FYLO trades complexity for clarity. Documents are plain JSON files on disk. Indexes are zero-byte key entries that accelerate queries without duplicating data. If the index ever drifts, FYLO rebuilds it from the documents — the files are always the source of truth.

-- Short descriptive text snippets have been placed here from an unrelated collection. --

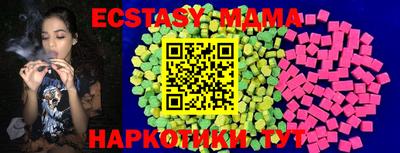 марихуана Малоярославец
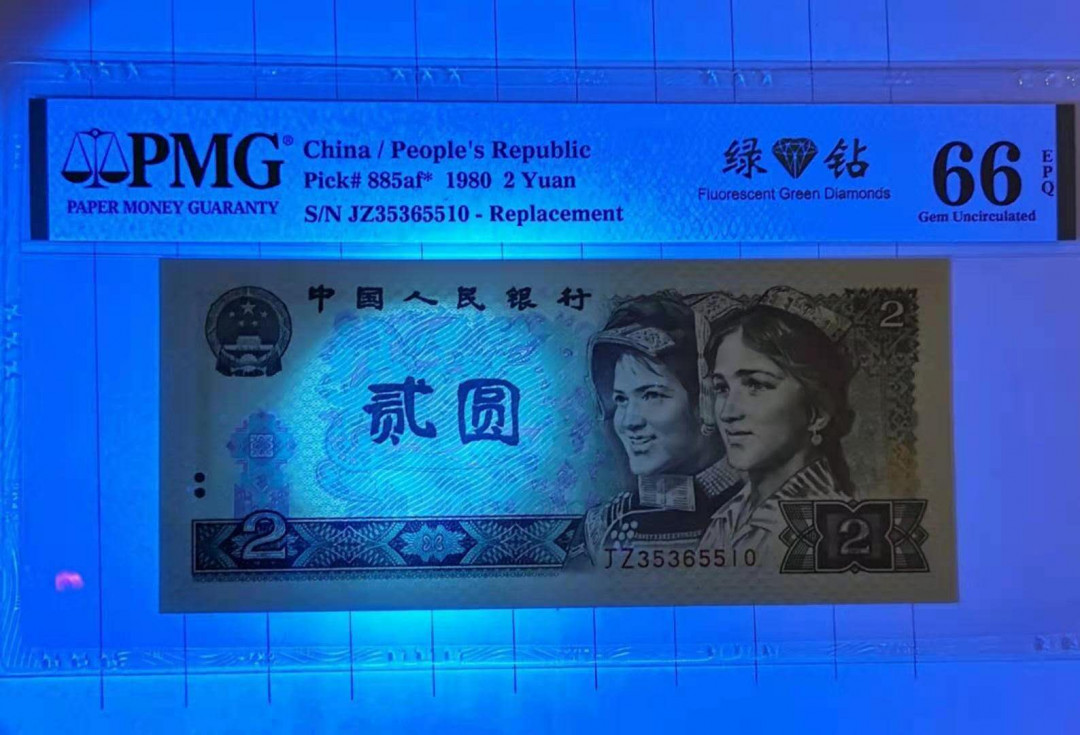 【华誉王者】2021年度二季度精品拍卖（夏拍） 802绿钻补号JZ3无47靓号，PMG66E，JZ35365510，大尺寸，灯下无斑
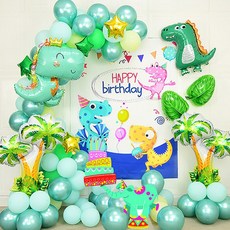 MORIT 생일 파티 풍선 세트, 1.공룡 파티풍선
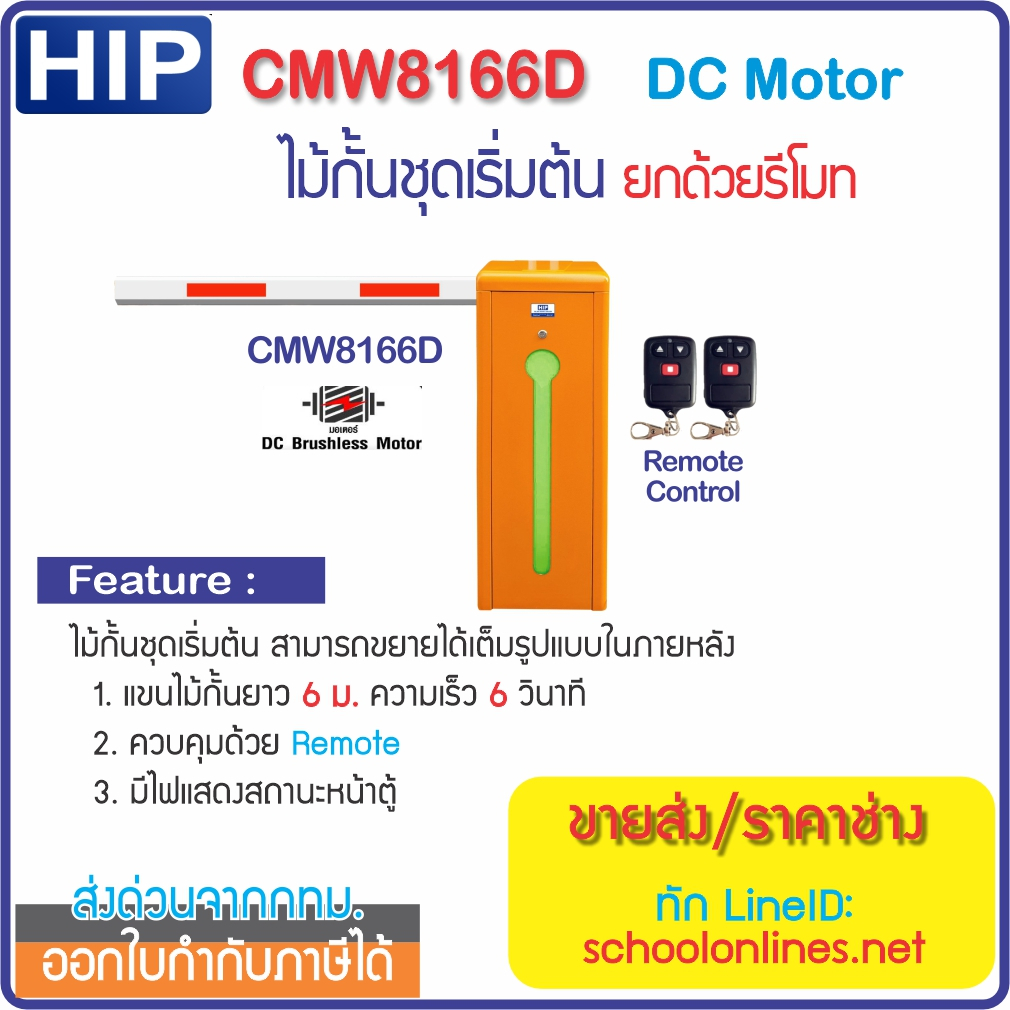 HIP CMW8166D ไม้กั้นรถยนต์ DC Motor แขนยาว 6 ม. พร้อมรีโมท 1 คู่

| Principle | Implementation |
| ------------------------------------ | ------------------------------------------------------------- |
| Documents are truth | One .json file per document, sharded by TTID prefix |
| Indexes are accelerators | Zero-payload prefix keys in a sorted catalog file |
| Rebuildable, not sacred | rebuildCollection() reconstructs indexes from documents |
| Bun-native, zero-dependency core | bun:sqlite, Bun.mmap(), Bun.S3Client — no native addons |
| Filesystem-first | One engine. Sync to S3/GCS is your deployment choice |
Quick Start
bun add @d31ma/fyloimport Fylo from '@d31ma/fylo'
const db = new Fylo({ root: '/mnt/fylo' })
await db.createCollection('users')
const id = await db.putData('users', {
name: 'Ada',
role: 'admin',
tags: ['engineering', 'platform']
})
const doc = await db.getDoc('users', id).once()

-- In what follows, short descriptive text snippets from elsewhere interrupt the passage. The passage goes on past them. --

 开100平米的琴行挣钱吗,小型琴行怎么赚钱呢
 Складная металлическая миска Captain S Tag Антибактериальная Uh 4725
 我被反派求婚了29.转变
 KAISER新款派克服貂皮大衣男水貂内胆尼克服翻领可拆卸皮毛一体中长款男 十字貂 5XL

console.log(doc[id]) // { name: 'Ada', role: 'admin', ... }Architecture
Each collection lives under .collections in the configured root:
<root>/.collections/<collection>/
docs/ ← one .json file per document (TTID-named)
4U/
4UUB32VGUDW.json
index/ ← local filesystem prefix index catalog
manifest.json ← format version marker
keys.snapshot ← sorted index keys, mmap'd for O(log n) lookup
keys.wal ← append-only mutation log (compacted at 1 MiB)
events/
<collection>.ndjson ← append-only event journal
locks/ ← advisory file locks
heads/ ← WORM lineage heads (WORM mode only)
versions/ ← version metadata (WORM mode only)See examples/production-folder-structure.md for a production-style tree with multiple collections and queue storage.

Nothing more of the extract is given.